Oxidative stress induced by homocysteine may also play a role in schizophrenia.
Elevated homocysteine levels have also been linked to an increase in fractures in the elderly.
Homocysteine is automatically oxidized and reacts with reactive oxygen intermediates, damaging endothelial cells and increasing the risk of thrombus formation.
Deficiencies of vitamins B6, B9 and B12 can lead to high levels of homocysteine. Vitamin B12, or cobalamin, acts as a cofactor for the enzyme methionine synthase (which is part of the biosynthesis and regeneration cycle of S-adenosylmethionine).
Deficiency of vitamin B12 prevents the 5-methyltetrahydrofolate (5-MTHF) form of folate from becoming THF due to the “methyl trap”. This alters the folate pathway and leads to an increase in homocysteine that damages the cells (for example, damage to endothelial cells may cause an increased risk of thrombosis).
Chronic alcohol consumption can also cause an increase in plasma levels of homocysteine.
Homocysteine is a non-protein amino acid, synthesized from methionine and recycled back into methionine or converted into cysteine with the help of group B vitamins.
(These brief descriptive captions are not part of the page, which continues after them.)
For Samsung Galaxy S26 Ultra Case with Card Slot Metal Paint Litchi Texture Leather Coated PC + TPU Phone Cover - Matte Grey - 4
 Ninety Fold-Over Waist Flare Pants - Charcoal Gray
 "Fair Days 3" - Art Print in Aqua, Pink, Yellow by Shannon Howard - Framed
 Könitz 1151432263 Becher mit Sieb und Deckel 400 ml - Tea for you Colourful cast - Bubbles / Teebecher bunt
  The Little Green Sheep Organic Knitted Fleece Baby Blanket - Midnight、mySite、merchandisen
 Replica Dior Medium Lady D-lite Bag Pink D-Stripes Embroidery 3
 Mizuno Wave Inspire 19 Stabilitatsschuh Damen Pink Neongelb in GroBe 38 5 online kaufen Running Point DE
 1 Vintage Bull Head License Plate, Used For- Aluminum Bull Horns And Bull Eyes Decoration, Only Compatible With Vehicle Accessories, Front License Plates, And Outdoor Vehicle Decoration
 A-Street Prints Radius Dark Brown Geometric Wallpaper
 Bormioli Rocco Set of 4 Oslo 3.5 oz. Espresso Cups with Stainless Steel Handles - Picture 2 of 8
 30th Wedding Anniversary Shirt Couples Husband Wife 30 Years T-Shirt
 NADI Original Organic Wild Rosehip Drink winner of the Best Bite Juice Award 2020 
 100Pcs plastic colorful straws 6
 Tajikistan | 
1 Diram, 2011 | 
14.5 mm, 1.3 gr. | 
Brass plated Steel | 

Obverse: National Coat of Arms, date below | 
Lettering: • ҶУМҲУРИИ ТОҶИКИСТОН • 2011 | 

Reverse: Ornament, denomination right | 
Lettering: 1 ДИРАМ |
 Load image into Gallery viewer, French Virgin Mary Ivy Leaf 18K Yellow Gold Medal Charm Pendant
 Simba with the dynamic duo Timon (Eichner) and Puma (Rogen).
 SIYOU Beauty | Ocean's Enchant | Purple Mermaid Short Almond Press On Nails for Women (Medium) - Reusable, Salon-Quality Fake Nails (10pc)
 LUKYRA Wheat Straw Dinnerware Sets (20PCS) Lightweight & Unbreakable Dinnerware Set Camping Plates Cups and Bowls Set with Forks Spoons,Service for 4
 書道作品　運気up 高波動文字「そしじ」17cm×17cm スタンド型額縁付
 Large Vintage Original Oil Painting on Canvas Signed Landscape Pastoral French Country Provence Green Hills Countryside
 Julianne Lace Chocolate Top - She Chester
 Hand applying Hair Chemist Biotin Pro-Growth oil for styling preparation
Approximately 50% of homocysteine is converted back to methionine by remethylation through the main methionine synthase pathway. This requires active folate and vitamin B12 to donate a methyl group. Active folate is known as 5-methyltetrahydrofolate (5-MTHF).
There is also another route for the conversion of homocysteine to methionine, which involves methylation with trimethylglycine (also called betaine or abbreviated to TMG) as a methyl donor. The remaining homocysteine is transulfurized to cysteine, with vitamin B6 as a cofactor.
Genetic defects in 5-MTHF reductase can cause hyperhomocysteinemia.
The most common polymorphisms are known as MTHFR C677T and MTR A2756G. These polymorphisms occur in approximately 10% of the world population. Elevations of homocysteine can also occur in the rare hereditary disease homocystinuria.
The supplements of vitamins B6, B9 or B12, although they reduce the homocysteine level, do not modify the risk of heart disease, stroke or death. This also applies to people with kidney disease on dialysis.
Hypotheses have been offered to address the failure of homocysteine reduction therapies to reduce cardiovascular events. When folic acid is given as a supplement, it can increase the buildup of arterial plaque.
A second hypothesis involves the methylation of genes in vascular cells by folic acid and vitamin B12, which can also accelerate plaque growth. Finally, altered methylation can catalyze l-arginine in asymmetric dimethylarginine, which is known to increase the risk of vascular disease.